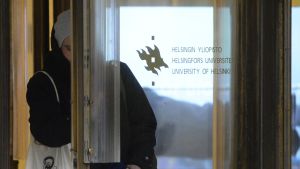 Studerande som går ut genom dörren vid Helsingfors universitet.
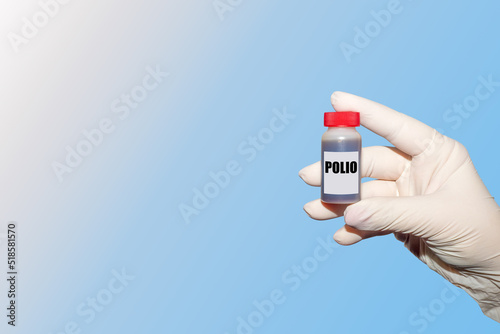 Polio virus. The doctor's hand holds a tissue sample of an infected polio. An outbreak of poliomyelitis.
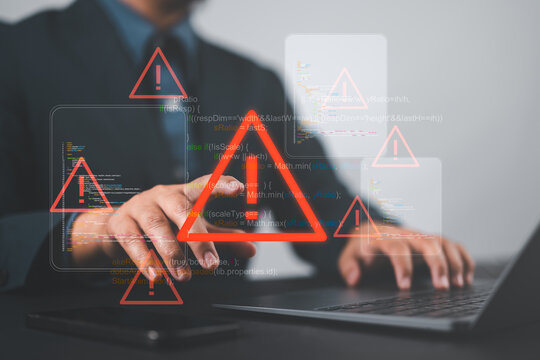 Ransomware malware attack and data breach. Businessperson using laptop with spam virus on warning caution for notification on internet security protect.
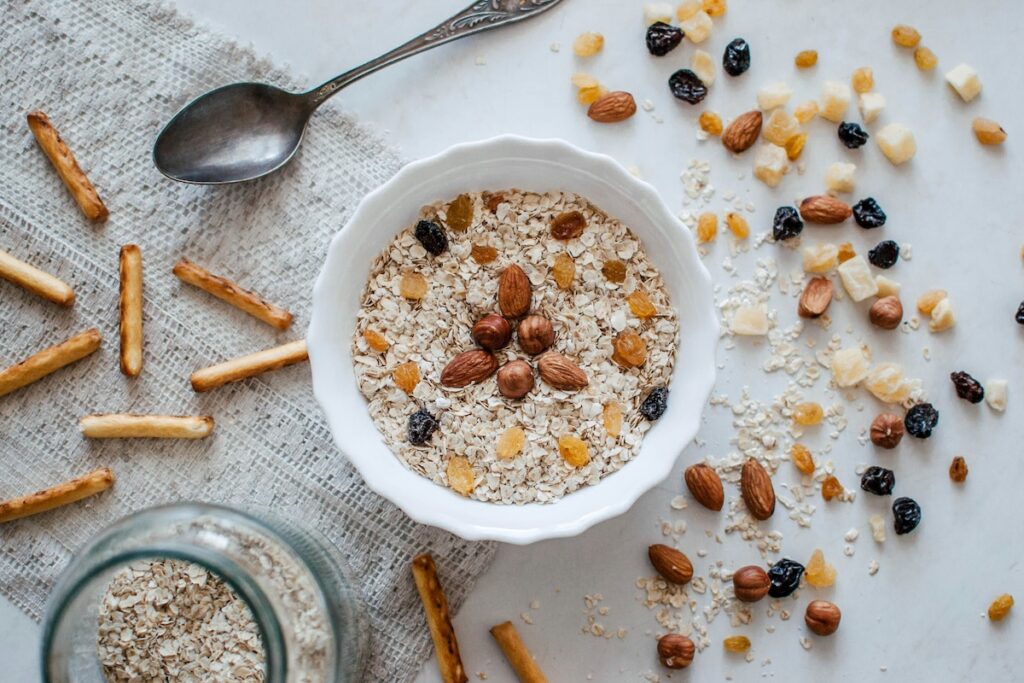 bowl of oats with nuts and dried fruit, a mix of high protein high fiber foods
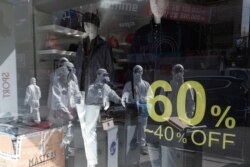 Workers wearing protective gear are reflected in a window of a store as they prepare to spray disinfectant as a precaution against the coronavirus in a shopping district in Seoul, South Korea, Feb. 27, 2020.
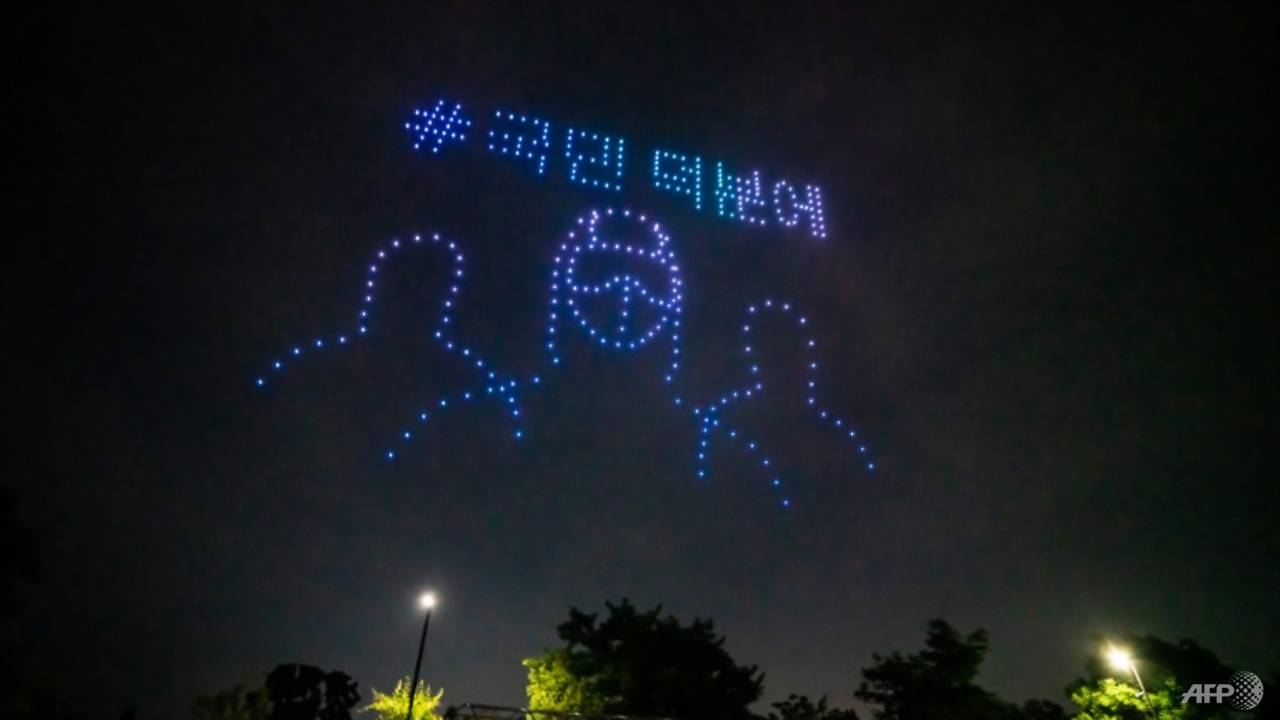 Hundreds of drones light up Seoul sky with virus messages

☆ ☆ ☆

Goal of the exercise: All lines from the one holding "Ransomware malware attack" to the end of the listing above need to be duplicated exactly. None of the pictures should be included.

Output for this exercise:
 Ransomware malware attack and data breach. Businessperson using laptop with spam virus on warning caution for notification on internet security protect.
 bowl of oats with nuts and dried fruit, a mix of high protein high fiber foods
 Workers wearing protective gear are reflected in a window of a store as they prepare to spray disinfectant as a precaution against the coronavirus in a shopping district in Seoul, South Korea, Feb. 27, 2020.
 Hundreds of drones light up Seoul sky with virus messages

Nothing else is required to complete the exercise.